### Requirement
In the entries that follow, the lines from the line containing "گاری جابجای بار و وسایل مغازه" up to and including the line containing "2025 Nissan Kicks SR" must be copied exactly, with pictures omitted.

### Material for this task
::::::::::
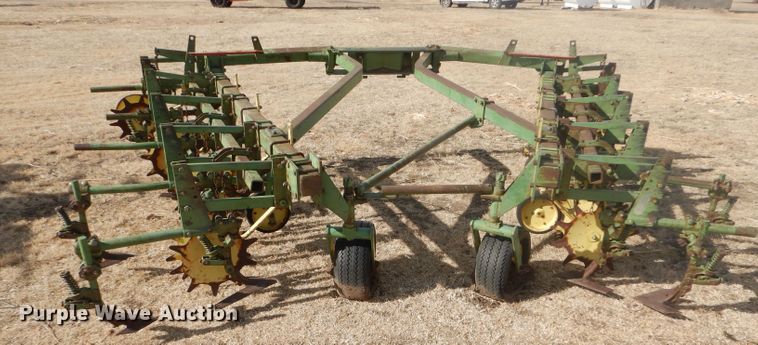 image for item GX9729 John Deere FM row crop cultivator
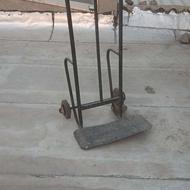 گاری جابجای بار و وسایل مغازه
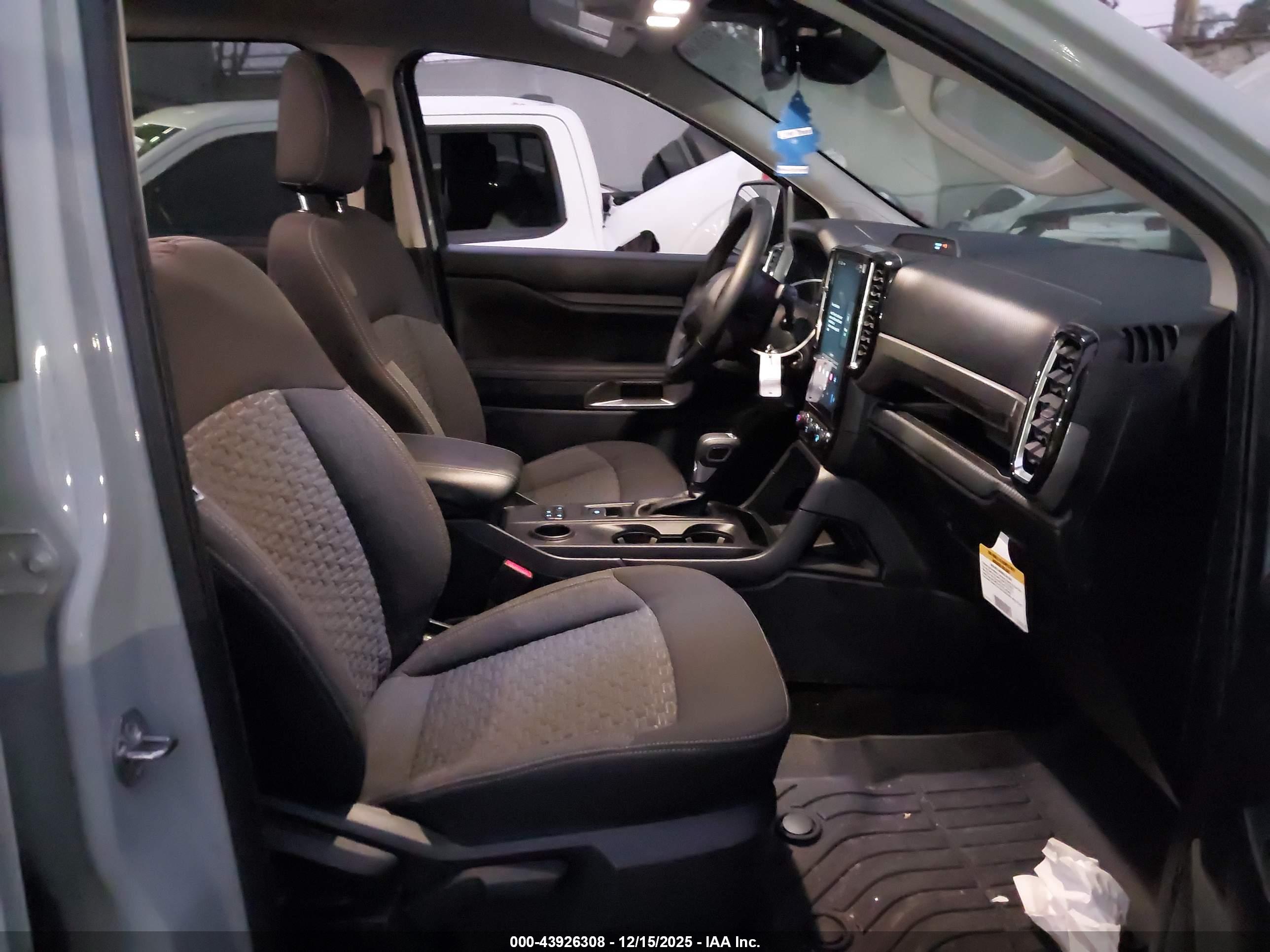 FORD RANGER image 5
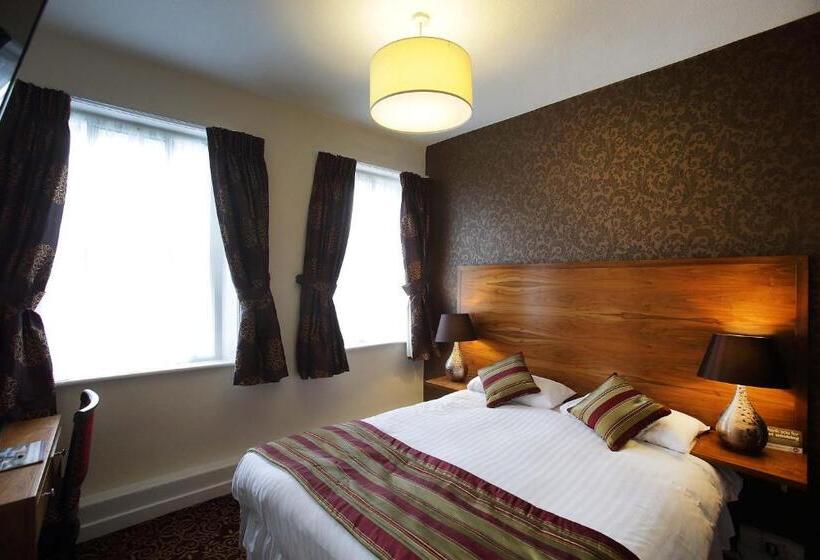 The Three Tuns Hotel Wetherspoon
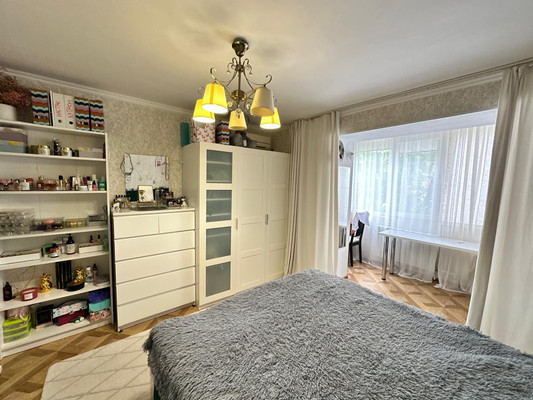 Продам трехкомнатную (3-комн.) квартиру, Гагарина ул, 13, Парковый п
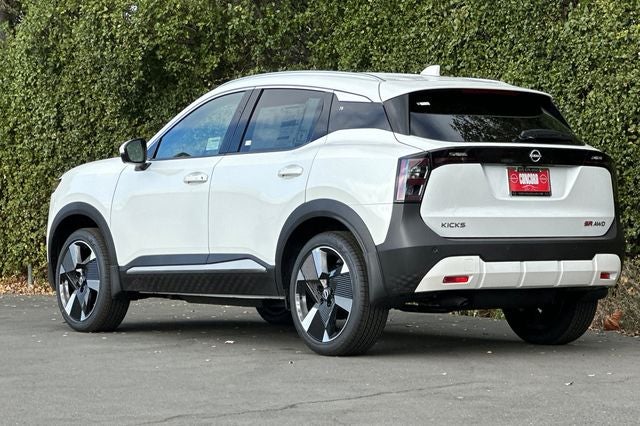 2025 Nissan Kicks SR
::::::::::
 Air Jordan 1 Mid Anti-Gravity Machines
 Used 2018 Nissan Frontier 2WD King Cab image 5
::::::::::
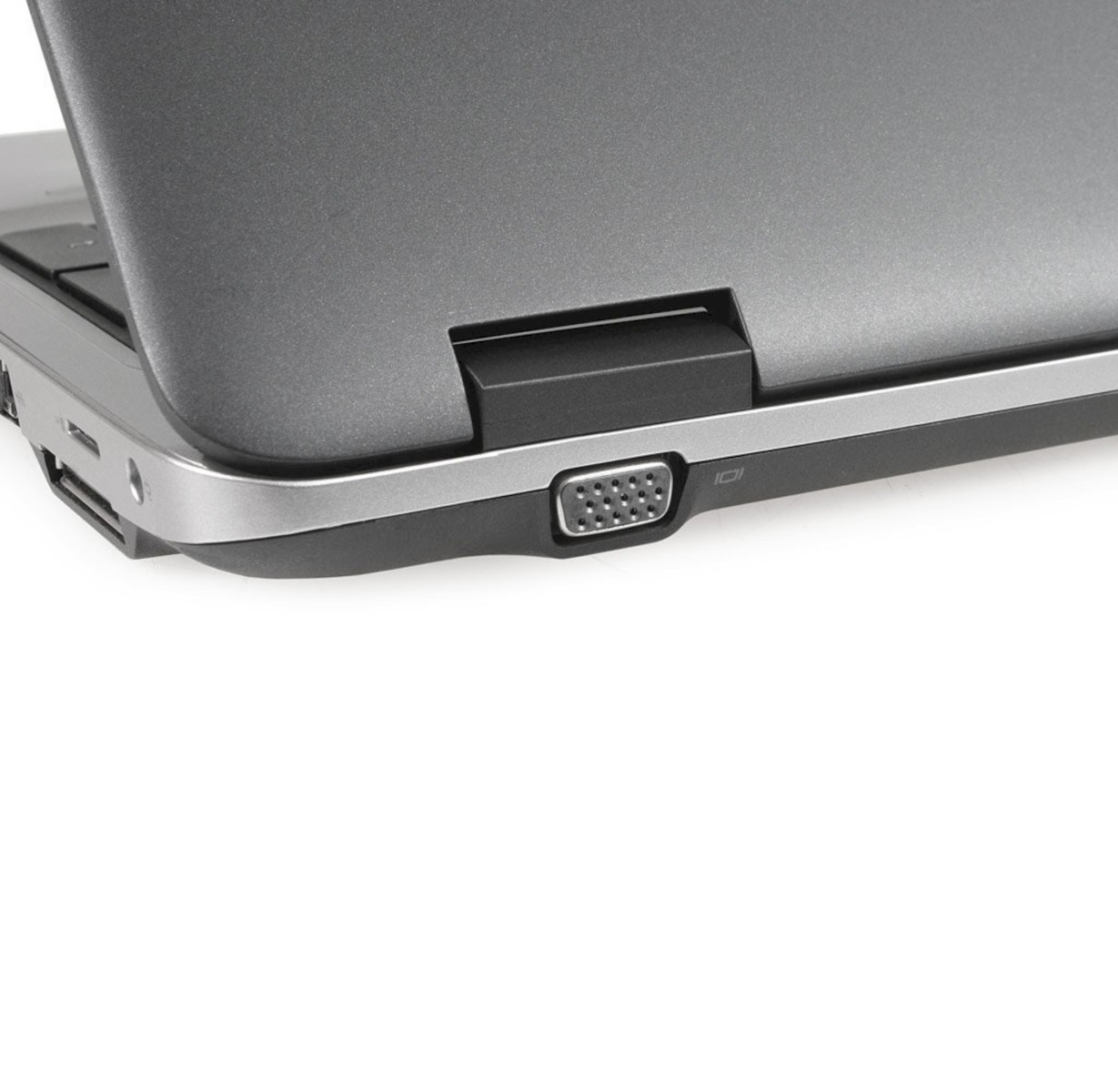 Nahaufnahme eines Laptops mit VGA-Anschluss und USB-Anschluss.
::::::::::
### Expected answer
 گاری جابجای بار و وسایل مغازه
 FORD RANGER image 5
 The Three Tuns Hotel Wetherspoon
 Продам трехкомнатную (3-комн.) квартиру, Гагарина ул, 13, Парковый п
 2025 Nissan Kicks SR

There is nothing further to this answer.